Material provided:
━━━━
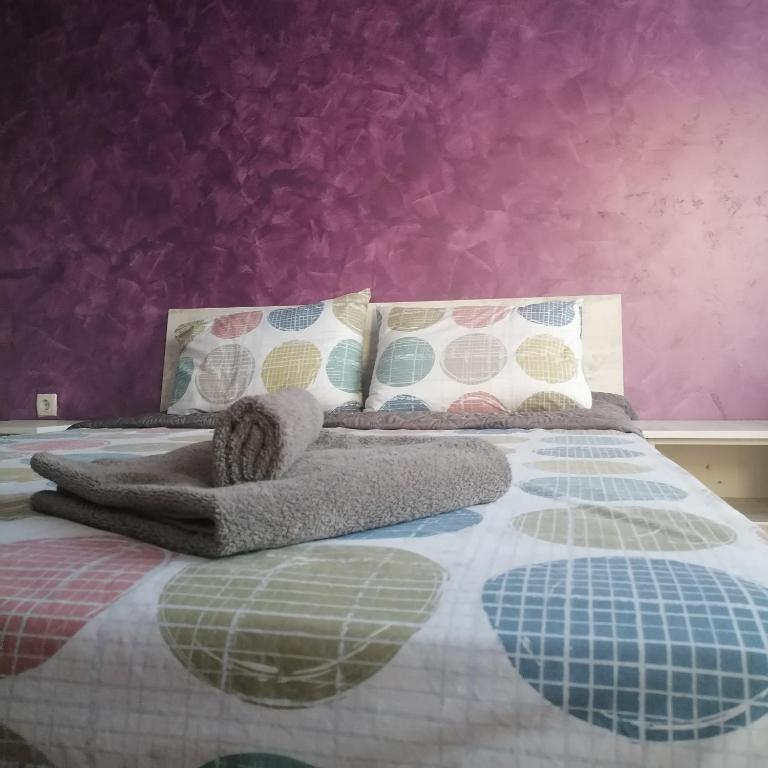 um quarto com uma cama com uma parede roxa em M Art Apart em Sófia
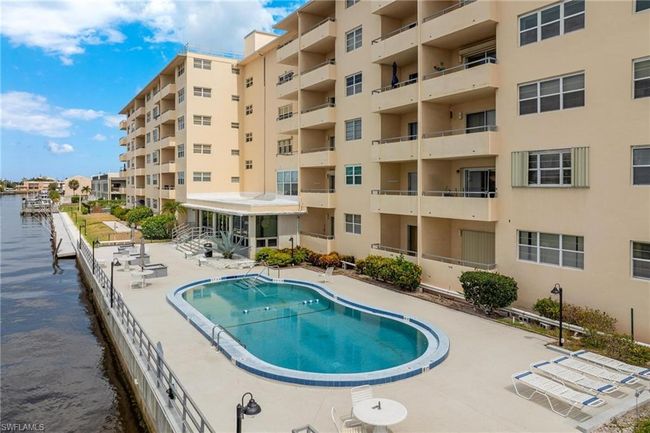 View of pool with a water view and a patio area | Image 31
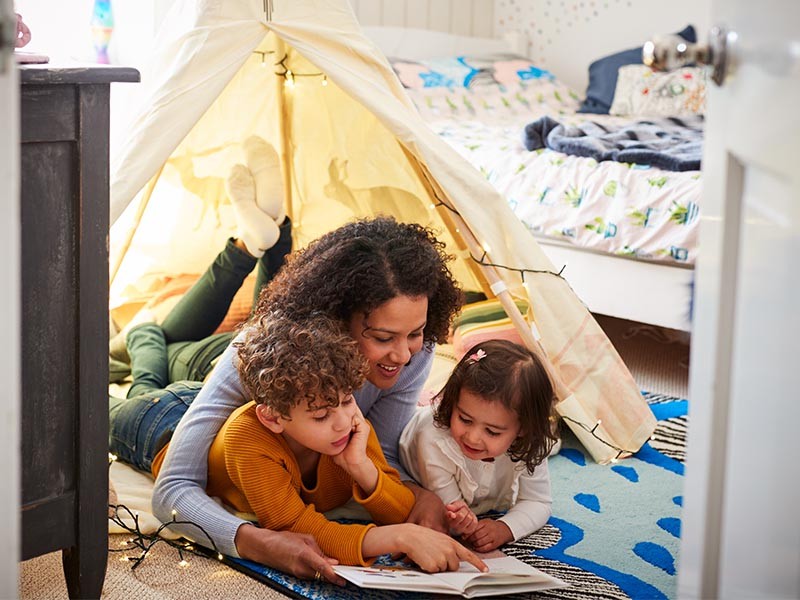 woman with children reading a book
━━━━
Instructions to follow: When the listing is transcribed, every line must match the original exactly, and the pictures must be left out.

Reply to the task:
 um quarto com uma cama com uma parede roxa em M Art Apart em Sófia
 View of pool with a water view and a patio area | Image 31
 woman with children reading a book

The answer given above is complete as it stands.